Can you quote, word for word, every line from the first line of the records below through the line containing "Kapitän Franz (in", and nothing else?
-------
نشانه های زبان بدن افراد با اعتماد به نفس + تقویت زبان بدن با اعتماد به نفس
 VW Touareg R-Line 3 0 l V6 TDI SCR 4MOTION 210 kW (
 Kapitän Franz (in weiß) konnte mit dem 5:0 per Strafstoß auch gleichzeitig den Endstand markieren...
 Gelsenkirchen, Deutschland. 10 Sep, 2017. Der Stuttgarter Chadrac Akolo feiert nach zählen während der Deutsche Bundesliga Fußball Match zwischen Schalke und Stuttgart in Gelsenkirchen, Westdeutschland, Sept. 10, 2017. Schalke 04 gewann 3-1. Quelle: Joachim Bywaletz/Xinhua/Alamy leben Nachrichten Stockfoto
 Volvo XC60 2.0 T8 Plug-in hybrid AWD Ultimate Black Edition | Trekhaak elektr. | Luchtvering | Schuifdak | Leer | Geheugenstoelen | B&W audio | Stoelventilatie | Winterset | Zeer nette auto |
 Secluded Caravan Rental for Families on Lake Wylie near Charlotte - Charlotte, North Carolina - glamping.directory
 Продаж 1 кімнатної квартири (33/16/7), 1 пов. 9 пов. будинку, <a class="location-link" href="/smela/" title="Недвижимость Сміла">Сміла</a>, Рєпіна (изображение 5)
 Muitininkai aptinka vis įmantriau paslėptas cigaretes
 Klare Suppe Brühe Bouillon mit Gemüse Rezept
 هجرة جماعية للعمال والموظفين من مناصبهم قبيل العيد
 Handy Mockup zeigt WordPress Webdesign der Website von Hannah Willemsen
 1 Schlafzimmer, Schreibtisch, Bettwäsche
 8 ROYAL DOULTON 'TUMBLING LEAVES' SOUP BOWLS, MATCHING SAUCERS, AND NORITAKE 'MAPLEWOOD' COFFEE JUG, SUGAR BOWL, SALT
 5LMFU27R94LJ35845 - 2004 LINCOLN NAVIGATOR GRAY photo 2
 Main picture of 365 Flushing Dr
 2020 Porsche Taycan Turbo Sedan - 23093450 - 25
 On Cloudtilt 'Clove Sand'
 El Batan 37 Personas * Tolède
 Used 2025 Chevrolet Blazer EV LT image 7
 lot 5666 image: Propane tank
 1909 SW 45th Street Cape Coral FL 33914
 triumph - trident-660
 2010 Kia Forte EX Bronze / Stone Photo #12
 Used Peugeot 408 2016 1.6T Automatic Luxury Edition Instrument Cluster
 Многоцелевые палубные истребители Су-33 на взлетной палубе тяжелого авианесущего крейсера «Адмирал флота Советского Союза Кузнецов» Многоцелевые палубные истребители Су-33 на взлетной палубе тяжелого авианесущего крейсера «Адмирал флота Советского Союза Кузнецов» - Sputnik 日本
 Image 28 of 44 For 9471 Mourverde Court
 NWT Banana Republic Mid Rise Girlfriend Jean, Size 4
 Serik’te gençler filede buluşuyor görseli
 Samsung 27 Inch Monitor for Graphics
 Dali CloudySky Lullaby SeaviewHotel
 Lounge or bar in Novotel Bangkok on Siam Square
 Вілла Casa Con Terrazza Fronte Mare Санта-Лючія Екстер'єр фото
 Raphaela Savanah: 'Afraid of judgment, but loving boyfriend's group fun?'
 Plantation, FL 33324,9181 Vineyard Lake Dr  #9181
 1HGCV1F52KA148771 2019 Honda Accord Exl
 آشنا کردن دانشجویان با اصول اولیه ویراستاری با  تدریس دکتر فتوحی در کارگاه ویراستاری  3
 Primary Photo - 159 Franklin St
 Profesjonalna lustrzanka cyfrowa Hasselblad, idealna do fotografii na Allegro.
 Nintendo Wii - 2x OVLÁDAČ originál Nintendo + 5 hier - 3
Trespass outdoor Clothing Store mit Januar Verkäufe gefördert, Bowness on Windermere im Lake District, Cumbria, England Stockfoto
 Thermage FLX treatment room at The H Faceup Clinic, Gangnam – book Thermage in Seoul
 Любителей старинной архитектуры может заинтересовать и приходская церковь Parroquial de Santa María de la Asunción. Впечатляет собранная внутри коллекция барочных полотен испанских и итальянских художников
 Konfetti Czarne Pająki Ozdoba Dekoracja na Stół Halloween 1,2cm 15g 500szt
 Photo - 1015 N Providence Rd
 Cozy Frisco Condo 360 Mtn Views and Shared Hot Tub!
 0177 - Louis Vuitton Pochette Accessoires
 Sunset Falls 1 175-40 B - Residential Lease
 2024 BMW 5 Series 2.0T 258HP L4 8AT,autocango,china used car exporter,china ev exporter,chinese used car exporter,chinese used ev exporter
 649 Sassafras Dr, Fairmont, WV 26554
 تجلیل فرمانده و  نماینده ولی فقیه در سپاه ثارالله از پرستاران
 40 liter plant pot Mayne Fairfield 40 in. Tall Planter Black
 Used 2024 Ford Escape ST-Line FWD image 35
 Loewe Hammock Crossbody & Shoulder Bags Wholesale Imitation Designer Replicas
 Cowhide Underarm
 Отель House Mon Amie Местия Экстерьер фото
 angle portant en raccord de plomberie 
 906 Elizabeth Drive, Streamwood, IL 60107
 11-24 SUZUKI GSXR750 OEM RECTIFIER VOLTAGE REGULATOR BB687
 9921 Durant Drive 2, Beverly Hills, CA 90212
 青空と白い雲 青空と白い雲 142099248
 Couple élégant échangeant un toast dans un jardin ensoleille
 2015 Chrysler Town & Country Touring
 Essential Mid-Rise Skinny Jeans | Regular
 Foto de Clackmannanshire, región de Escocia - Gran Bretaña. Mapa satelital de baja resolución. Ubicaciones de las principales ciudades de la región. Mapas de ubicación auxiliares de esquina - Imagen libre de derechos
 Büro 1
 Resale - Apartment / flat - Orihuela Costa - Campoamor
-------
● Solution to this exercise:
نشانه های زبان بدن افراد با اعتماد به نفس + تقویت زبان بدن با اعتماد به نفس
 VW Touareg R-Line 3 0 l V6 TDI SCR 4MOTION 210 kW (
 Kapitän Franz (in weiß) konnte mit dem 5:0 per Strafstoß auch gleichzeitig den Endstand markieren...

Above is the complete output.